- Opening Delimiter -

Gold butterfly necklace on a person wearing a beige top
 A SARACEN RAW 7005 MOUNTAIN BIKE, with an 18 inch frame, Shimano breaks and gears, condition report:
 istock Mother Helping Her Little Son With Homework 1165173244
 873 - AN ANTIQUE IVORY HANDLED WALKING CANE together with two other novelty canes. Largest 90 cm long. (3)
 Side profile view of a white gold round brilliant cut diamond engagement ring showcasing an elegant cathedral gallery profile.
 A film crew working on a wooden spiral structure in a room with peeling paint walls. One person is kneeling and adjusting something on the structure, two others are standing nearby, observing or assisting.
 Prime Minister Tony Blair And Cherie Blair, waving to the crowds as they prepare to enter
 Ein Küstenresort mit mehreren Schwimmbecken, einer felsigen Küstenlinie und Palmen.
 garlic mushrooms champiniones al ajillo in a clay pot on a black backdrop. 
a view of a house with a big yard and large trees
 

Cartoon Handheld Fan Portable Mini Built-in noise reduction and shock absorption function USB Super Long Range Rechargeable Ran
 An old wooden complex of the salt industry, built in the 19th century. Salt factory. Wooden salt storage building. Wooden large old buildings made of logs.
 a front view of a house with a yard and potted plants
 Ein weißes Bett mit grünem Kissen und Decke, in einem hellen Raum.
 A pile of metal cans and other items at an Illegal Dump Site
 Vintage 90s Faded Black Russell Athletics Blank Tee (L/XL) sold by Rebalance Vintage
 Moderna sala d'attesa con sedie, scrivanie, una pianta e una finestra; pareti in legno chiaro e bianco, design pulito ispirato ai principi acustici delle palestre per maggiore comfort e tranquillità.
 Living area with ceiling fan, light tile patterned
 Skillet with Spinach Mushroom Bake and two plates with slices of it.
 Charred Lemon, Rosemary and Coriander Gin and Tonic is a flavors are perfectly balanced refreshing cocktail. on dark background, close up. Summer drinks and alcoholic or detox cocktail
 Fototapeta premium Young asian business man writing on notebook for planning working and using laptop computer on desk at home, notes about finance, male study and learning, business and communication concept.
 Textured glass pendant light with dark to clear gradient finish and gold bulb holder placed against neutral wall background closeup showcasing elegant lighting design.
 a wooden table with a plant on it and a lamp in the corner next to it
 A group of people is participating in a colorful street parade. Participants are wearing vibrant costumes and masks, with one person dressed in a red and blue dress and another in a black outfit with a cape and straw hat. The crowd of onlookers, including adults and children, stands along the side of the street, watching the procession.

- Closing Delimiter -

— About this exercise —
Whenever a line in the listing above includes the word "wooden", return that line.

— Solution —
 A film crew working on a wooden spiral structure in a room with peeling paint walls. One person is kneeling and adjusting something on the structure, two others are standing nearby, observing or assisting.
 An old wooden complex of the salt industry, built in the 19th century. Salt factory. Wooden salt storage building. Wooden large old buildings made of logs.
 a wooden table with a plant on it and a lamp in the corner next to it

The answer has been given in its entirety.